§ **REQUIRED WORK**
Your task is to find every line of the listing that includes "Vintage" and copy it.

(TASK MATERIAL begins)

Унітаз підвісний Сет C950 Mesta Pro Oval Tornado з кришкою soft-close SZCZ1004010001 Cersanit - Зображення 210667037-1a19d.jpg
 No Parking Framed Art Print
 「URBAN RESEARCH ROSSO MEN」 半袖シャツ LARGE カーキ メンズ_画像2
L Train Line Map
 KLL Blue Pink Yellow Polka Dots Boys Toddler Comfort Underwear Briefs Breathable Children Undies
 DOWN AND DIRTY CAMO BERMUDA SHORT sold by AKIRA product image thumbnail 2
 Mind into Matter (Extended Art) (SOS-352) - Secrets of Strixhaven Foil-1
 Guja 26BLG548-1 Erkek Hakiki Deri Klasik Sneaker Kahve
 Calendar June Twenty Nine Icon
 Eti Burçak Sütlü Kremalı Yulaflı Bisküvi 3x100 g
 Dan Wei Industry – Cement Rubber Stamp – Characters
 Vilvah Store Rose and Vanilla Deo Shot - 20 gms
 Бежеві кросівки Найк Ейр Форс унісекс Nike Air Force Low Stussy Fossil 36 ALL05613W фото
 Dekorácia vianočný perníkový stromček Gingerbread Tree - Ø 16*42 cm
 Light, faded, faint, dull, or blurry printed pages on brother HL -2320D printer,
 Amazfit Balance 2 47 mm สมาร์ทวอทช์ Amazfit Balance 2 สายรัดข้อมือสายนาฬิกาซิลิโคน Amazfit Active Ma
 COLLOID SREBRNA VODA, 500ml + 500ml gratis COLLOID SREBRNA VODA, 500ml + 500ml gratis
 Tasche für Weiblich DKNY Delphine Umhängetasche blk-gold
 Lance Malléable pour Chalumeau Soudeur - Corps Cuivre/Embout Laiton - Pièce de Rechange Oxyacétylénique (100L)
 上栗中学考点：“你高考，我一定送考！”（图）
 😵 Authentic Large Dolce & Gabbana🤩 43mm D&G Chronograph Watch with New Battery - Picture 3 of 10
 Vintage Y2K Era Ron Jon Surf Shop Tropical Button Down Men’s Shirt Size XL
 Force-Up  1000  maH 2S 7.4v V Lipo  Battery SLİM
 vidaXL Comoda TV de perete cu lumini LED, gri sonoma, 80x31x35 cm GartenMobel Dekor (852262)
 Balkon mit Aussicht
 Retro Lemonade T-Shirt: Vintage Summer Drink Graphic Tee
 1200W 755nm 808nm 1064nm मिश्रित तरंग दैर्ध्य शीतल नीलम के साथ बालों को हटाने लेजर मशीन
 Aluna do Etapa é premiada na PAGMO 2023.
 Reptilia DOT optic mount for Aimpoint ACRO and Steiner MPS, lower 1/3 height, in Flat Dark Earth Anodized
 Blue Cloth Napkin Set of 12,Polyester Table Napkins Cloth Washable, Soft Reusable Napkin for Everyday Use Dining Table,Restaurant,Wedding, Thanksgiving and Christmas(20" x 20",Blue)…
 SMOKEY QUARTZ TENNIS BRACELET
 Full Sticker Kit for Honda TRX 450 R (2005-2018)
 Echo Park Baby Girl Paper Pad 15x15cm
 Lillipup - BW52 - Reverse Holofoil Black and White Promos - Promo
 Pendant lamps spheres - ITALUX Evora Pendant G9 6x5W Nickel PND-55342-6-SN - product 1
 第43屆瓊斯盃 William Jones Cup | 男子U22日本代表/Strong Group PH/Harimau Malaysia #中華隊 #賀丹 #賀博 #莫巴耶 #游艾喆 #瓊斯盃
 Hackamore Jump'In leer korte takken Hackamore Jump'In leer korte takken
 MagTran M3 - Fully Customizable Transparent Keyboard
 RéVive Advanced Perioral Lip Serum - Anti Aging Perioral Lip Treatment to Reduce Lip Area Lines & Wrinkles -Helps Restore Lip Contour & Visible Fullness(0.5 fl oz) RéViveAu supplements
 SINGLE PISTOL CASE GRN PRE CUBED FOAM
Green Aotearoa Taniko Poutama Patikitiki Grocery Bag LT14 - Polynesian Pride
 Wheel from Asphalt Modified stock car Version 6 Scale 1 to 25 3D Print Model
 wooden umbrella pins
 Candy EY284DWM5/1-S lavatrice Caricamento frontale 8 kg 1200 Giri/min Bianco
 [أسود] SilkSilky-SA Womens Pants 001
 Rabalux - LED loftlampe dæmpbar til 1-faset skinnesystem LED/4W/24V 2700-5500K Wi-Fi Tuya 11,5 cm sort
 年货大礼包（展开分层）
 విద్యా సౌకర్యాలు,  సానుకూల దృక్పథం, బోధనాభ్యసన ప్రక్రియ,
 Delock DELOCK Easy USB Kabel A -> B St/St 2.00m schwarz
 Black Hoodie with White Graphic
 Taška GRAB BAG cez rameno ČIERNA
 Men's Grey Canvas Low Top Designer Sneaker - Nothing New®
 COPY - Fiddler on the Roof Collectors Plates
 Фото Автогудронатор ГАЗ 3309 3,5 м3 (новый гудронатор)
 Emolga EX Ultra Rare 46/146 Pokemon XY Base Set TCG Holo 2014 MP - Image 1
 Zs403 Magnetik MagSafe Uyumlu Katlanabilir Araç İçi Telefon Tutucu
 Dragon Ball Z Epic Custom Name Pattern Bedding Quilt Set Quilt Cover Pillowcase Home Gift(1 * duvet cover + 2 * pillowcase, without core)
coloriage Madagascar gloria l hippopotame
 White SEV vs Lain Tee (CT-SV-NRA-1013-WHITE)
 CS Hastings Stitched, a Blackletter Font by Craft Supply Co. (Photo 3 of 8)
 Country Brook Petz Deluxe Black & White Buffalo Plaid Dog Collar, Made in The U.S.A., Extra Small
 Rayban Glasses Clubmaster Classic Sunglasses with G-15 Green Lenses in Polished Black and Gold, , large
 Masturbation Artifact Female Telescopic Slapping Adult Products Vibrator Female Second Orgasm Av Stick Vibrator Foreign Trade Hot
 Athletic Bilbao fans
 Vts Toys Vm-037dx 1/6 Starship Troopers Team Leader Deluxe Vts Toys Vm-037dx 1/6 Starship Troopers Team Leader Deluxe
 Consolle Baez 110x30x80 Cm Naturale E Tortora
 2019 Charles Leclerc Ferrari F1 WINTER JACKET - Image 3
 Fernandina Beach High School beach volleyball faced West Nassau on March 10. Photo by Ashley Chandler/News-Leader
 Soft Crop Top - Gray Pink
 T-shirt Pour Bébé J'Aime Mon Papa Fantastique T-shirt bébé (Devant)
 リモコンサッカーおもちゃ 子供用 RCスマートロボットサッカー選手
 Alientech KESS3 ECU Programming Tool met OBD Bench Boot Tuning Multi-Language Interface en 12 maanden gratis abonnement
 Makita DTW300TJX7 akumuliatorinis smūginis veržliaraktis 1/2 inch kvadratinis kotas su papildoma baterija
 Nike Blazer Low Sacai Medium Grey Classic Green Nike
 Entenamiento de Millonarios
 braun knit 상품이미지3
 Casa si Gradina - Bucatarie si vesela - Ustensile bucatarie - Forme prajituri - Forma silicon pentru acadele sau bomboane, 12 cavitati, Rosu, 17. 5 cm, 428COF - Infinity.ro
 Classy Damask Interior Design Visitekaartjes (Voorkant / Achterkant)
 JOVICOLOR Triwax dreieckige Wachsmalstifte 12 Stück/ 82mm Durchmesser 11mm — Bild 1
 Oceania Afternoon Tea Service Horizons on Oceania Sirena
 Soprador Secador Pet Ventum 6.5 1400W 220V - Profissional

(TASK MATERIAL ends)

§ **TASK RESPONSE**
 Vintage Y2K Era Ron Jon Surf Shop Tropical Button Down Men’s Shirt Size XL
 Retro Lemonade T-Shirt: Vintage Summer Drink Graphic Tee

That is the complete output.